On October 5 Francis Lewis held its annual Blood Drive in the school gymnasium. Students above the age of 16 were eligible to donate one pint of blood to local hospitals in Queens.

Brittney Thurston
Francis Lewis student Damion Kim donates blood on October 5 in the gymnasium.

“In big high schools like this one, there’s a lot of first timers so we usually collect 100-150 pints a day,” a doner specialist stated.

After  pints of blood have been donated they are processed, tested, stored, and distributed to local hospitals.

“One pint of blood saves three lives,” said doner associate Jim Faber.  “After you donate, it’s separated into three life saving components:  Red blood cells, platelets and plasma.”
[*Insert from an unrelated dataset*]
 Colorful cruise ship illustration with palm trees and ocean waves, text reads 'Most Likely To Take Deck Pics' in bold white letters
Although there were many first timers at the Blood Drive, the blood doner specialists made sure the participants were well taken care of and comfortable during the procedure. Once the doners were finished, they were offered refreshments to help regain their blood cells and iron.

“When a child is really nervous we calm them down and take precaution, especially in high schools,” a specialist said.  “Instead of sitting upright like  adults, we recline the seats. If they’re really nervous we give them ice packs to cool them off a bit. When they’re done, we don’t just send them off.  We keep them here, give them juice and make sure they’re okay.”
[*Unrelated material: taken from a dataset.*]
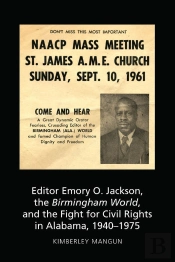 Editor Emory O. Jackson, The Birmingham World, And The Fight For Civil Rights In Alabama, 1940-1975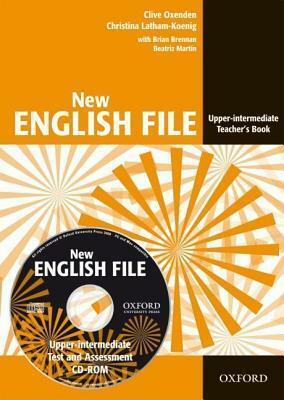 New English File: Upper-Intermediate Teacher's Book by Beatriz Martin, Clive Oxenden, Brian Brennan, Christina Latham-Koenig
Many first timers who agreed to donate blood knew it was for a good cause. Some students, such as Khassondra Moran, even shared their personal motives.

“My grandmother suffered from breast cancer and she didn’t have many options to help fight her disease,” Moran said.  “I’d like to donate blood today to help save lives in her honor.”

                                                                                                          Brittney Thurston 
Francis Lewis students Bianca (Left) and Kaitlin filling out online forms before getting iron levels and blood type checked.

Blood Need Statistics

  • Every two seconds someone in the U.S. needs blood.
  • Approximately 36,000 units of red blood cells are needed every day in the U.S.
  • Nearly 7,000 units of platelets and 10,000 units of plasma are needed daily in the U.S.
  • Nearly 21 million blood components are transfused each year in the U.S.
  • The average red blood cell transfusion is approximately 3 pints.
  • The blood type most often requested by hospitals is type O.
  • The blood used in an emergency is already on the shelves before the event occurs.
  • It is estimated that sickle cell disease affects 90,000 to 100,000 people in the U.S. About 1,000 babies are born with the disease each year. Sickle cell patients can require frequent blood transfusions throughout their lives.
  • According to the American Cancer Society, more than 1.69 million people are expected to be diagnosed with cancer in 2017. Many of them will need blood, sometimes daily, during their chemotherapy treatment.
  • A single car accident victim can require as many as 100 pints of blood.


Brittney Thurston
S.O. provides snacks for donors so they won’t be lightheaded or dizzy throughout the day.